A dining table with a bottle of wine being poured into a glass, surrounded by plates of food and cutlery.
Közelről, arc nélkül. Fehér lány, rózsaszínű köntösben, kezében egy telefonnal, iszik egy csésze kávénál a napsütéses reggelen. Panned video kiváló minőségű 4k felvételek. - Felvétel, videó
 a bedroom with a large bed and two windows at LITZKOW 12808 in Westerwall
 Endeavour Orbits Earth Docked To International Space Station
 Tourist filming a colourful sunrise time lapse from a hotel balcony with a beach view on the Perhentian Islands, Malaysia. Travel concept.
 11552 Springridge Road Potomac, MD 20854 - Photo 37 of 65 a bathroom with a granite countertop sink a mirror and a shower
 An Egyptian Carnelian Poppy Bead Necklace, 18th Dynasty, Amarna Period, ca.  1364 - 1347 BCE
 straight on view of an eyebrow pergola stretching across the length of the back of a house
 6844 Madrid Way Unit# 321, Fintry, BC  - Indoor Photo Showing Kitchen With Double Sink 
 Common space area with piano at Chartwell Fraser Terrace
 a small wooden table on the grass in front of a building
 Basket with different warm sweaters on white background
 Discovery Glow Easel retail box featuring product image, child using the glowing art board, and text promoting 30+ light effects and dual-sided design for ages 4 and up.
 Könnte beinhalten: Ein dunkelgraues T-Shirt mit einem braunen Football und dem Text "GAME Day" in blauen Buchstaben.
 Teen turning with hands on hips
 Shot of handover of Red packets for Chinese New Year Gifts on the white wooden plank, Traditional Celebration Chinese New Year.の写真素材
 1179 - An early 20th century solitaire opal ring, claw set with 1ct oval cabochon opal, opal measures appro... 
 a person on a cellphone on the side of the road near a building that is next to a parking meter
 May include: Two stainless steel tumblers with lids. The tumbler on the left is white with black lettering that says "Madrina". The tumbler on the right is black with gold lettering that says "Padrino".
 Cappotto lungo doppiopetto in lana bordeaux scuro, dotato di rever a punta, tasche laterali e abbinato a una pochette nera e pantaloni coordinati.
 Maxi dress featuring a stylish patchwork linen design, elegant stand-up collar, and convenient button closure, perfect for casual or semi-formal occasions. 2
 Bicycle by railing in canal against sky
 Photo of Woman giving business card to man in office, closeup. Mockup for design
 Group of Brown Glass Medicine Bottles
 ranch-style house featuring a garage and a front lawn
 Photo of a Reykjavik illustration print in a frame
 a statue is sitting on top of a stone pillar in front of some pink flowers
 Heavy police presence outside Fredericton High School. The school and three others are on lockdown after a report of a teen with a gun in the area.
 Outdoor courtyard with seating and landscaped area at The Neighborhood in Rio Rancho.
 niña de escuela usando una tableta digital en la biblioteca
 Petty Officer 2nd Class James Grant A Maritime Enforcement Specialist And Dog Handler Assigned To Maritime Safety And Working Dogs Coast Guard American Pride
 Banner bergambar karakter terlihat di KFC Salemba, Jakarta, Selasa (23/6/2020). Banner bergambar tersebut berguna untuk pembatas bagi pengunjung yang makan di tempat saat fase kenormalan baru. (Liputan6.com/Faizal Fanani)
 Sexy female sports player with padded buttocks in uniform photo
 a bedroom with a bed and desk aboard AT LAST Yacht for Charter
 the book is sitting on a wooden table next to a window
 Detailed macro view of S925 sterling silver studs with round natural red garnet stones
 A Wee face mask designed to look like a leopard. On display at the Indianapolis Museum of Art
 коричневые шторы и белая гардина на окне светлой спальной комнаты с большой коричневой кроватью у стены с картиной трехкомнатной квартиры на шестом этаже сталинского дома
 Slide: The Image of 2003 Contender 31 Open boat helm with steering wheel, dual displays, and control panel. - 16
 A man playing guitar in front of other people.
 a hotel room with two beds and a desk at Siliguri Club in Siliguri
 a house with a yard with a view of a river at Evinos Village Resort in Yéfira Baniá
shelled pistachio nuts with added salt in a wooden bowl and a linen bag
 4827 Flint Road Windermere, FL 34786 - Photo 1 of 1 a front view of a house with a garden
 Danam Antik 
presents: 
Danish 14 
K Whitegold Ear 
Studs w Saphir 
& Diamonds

···

ASSIGNMENT:
Give back every entry, word for word.

SOLUTION FOR THIS EXERCISE:
A dining table with a bottle of wine being poured into a glass, surrounded by plates of food and cutlery.
Közelről, arc nélkül. Fehér lány, rózsaszínű köntösben, kezében egy telefonnal, iszik egy csésze kávénál a napsütéses reggelen. Panned video kiváló minőségű 4k felvételek. - Felvétel, videó
 a bedroom with a large bed and two windows at LITZKOW 12808 in Westerwall
 Endeavour Orbits Earth Docked To International Space Station
 Tourist filming a colourful sunrise time lapse from a hotel balcony with a beach view on the Perhentian Islands, Malaysia. Travel concept.
 11552 Springridge Road Potomac, MD 20854 - Photo 37 of 65 a bathroom with a granite countertop sink a mirror and a shower
 An Egyptian Carnelian Poppy Bead Necklace, 18th Dynasty, Amarna Period, ca.  1364 - 1347 BCE
 straight on view of an eyebrow pergola stretching across the length of the back of a house
 6844 Madrid Way Unit# 321, Fintry, BC  - Indoor Photo Showing Kitchen With Double Sink 
 Common space area with piano at Chartwell Fraser Terrace
 a small wooden table on the grass in front of a building
 Basket with different warm sweaters on white background
 Discovery Glow Easel retail box featuring product image, child using the glowing art board, and text promoting 30+ light effects and dual-sided design for ages 4 and up.
 Könnte beinhalten: Ein dunkelgraues T-Shirt mit einem braunen Football und dem Text "GAME Day" in blauen Buchstaben.
 Teen turning with hands on hips
 Shot of handover of Red packets for Chinese New Year Gifts on the white wooden plank, Traditional Celebration Chinese New Year.の写真素材
 1179 - An early 20th century solitaire opal ring, claw set with 1ct oval cabochon opal, opal measures appro... 
 a person on a cellphone on the side of the road near a building that is next to a parking meter
 May include: Two stainless steel tumblers with lids. The tumbler on the left is white with black lettering that says "Madrina". The tumbler on the right is black with gold lettering that says "Padrino".
 Cappotto lungo doppiopetto in lana bordeaux scuro, dotato di rever a punta, tasche laterali e abbinato a una pochette nera e pantaloni coordinati.
 Maxi dress featuring a stylish patchwork linen design, elegant stand-up collar, and convenient button closure, perfect for casual or semi-formal occasions. 2
 Bicycle by railing in canal against sky
 Photo of Woman giving business card to man in office, closeup. Mockup for design
 Group of Brown Glass Medicine Bottles
 ranch-style house featuring a garage and a front lawn
 Photo of a Reykjavik illustration print in a frame
 a statue is sitting on top of a stone pillar in front of some pink flowers
 Heavy police presence outside Fredericton High School. The school and three others are on lockdown after a report of a teen with a gun in the area.
 Outdoor courtyard with seating and landscaped area at The Neighborhood in Rio Rancho.
 niña de escuela usando una tableta digital en la biblioteca
 Petty Officer 2nd Class James Grant A Maritime Enforcement Specialist And Dog Handler Assigned To Maritime Safety And Working Dogs Coast Guard American Pride
 Banner bergambar karakter terlihat di KFC Salemba, Jakarta, Selasa (23/6/2020). Banner bergambar tersebut berguna untuk pembatas bagi pengunjung yang makan di tempat saat fase kenormalan baru. (Liputan6.com/Faizal Fanani)
 Sexy female sports player with padded buttocks in uniform photo
 a bedroom with a bed and desk aboard AT LAST Yacht for Charter
 the book is sitting on a wooden table next to a window
 Detailed macro view of S925 sterling silver studs with round natural red garnet stones
 A Wee face mask designed to look like a leopard. On display at the Indianapolis Museum of Art
 коричневые шторы и белая гардина на окне светлой спальной комнаты с большой коричневой кроватью у стены с картиной трехкомнатной квартиры на шестом этаже сталинского дома
 Slide: The Image of 2003 Contender 31 Open boat helm with steering wheel, dual displays, and control panel. - 16
 A man playing guitar in front of other people.
 a hotel room with two beds and a desk at Siliguri Club in Siliguri
 a house with a yard with a view of a river at Evinos Village Resort in Yéfira Baniá
shelled pistachio nuts with added salt in a wooden bowl and a linen bag
 4827 Flint Road Windermere, FL 34786 - Photo 1 of 1 a front view of a house with a garden
 Danam Antik 
presents: 
Danish 14 
K Whitegold Ear 
Studs w Saphir 
& Diamonds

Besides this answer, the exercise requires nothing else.